Well, what did Kyle Rittenhouse do that made him a household name, smeared as a “white supremacist” by Biden in a campaign ad? If all you knew about the case was what you learned from the liberal media, you might believe Rittenhouse was some kind of dangerous extremist who, as an MSNBC announcer said during his trial, “shot three men at a racial justice protest last year.” But if you had read my American Spectator column written a week after the shootings, you would have known a lot more, e.g., “Rittenhouse never fired his rifle except in self-defense and … the teenager will almost certainly be acquitted if the case ever goes to trial.”
Nearly every crucial fact that came out in Rittenhouse’s trial was known within days of the shootings — including the criminal records of convicted child rapist Joseph “JoJo” Rosenbaum and the other rioters who attacked Rittenhouse — but the liberal media suppressed these facts, which didn’t fit their “racial justice” narrative. So biased was the media’s coverage, in fact, that many people erroneously thought Rittenhouse had shot black people (Rosenbaum and the other two were white).
Why would professional journalists disgrace themselves this way? Why were they getting scooped by mere bloggers when it came to reporting the most important facts about the Rittenhouse case? In a word, politics.

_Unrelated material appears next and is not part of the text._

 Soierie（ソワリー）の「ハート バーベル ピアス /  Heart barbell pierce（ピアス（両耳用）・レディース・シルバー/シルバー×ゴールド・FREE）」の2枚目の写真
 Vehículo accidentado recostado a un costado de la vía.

Everything is now political, in the view of our elite media class, who evaluate every story in terms of how it will influence elections and policy decisions. Police shot a domestic abuser with a knife who was resisting arrest? People got killed in a riot? “Well,” the network news producers ask themselves, “how can this story be used to help advance the interests of the Democratic Party?” Believe it or not, police still shoot lots of white criminals, and a lot more people died during last year’s riots than were shot by Kyle Rittenhouse. But neither the Biden campaign nor CNN paid any significant attention to the deaths of Barry Perkins and David Dorn in St. Louis, or other riot-related deaths that didn’t fit the preferred political narrative.

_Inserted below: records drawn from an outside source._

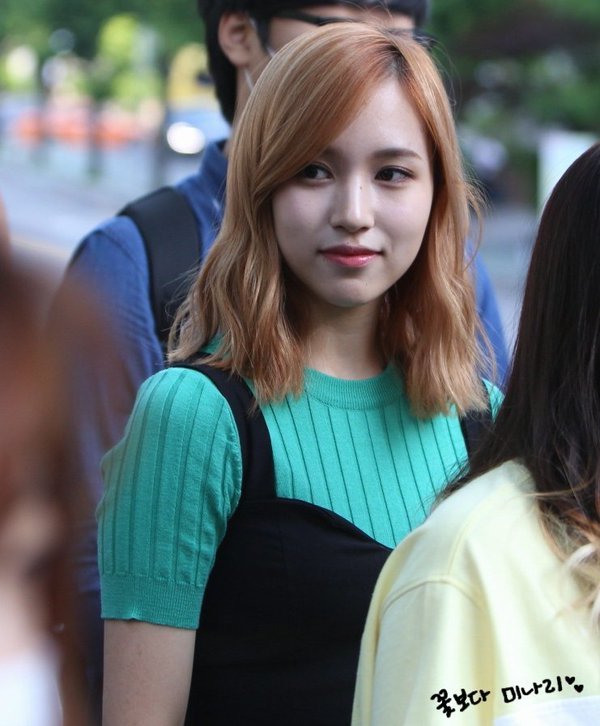 160520 뮤직뱅크 출근길 트와이스 미나 | 인스티즈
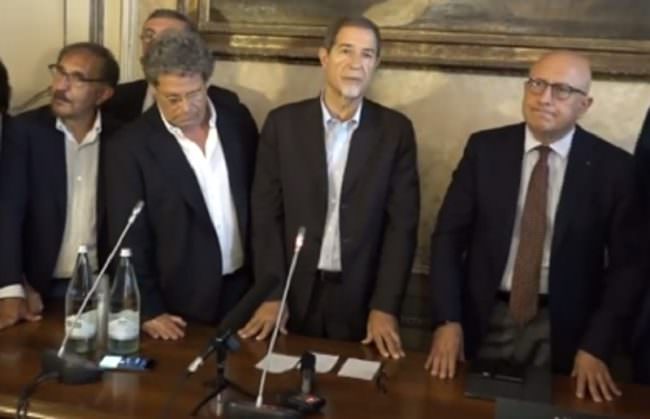 Tutti uniti a favore del pizzo. Musumeci ringrazia.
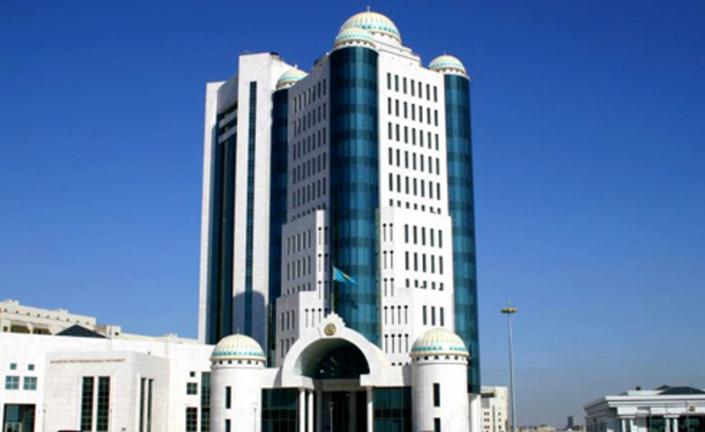 سەنات «كيبەربۋللينگ تۋرالى» زاڭ جوباسىن ماجىلىسكە قايتاردى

If the only result of such one-sided coverage were to influence how Americans vote in elections, this would be bad enough. The official margin of victory for Biden in 2020, after all, came down to 10,457 votes in Arizona, 11,779 in Georgia, 20,682 in Wisconsin, and 80,555 in Pennsylvania. We dare not suggest cheating played any role in Biden’s victory, lest we be denounced as “conspiracy theorists,” but even if there was zero fraud in these results, how much did Biden’s election owe to the gusting tailwinds of liberal media bias?
Beyond this, however, what kind of world are we living in where it is possible for a teenager to be prosecuted for homicide when all the evidence so clearly pointed to self-defense? Any liberal who was surprised by the jury’s acquittal of Kyle Rittenhouse needs to reevaluate the credibility of the “news” organizations that they’re relying on for information, but it feels almost useless to point this out.
After all, if liberals could be induced to read The American Spectator, they wouldn’t be liberals much longer, would they?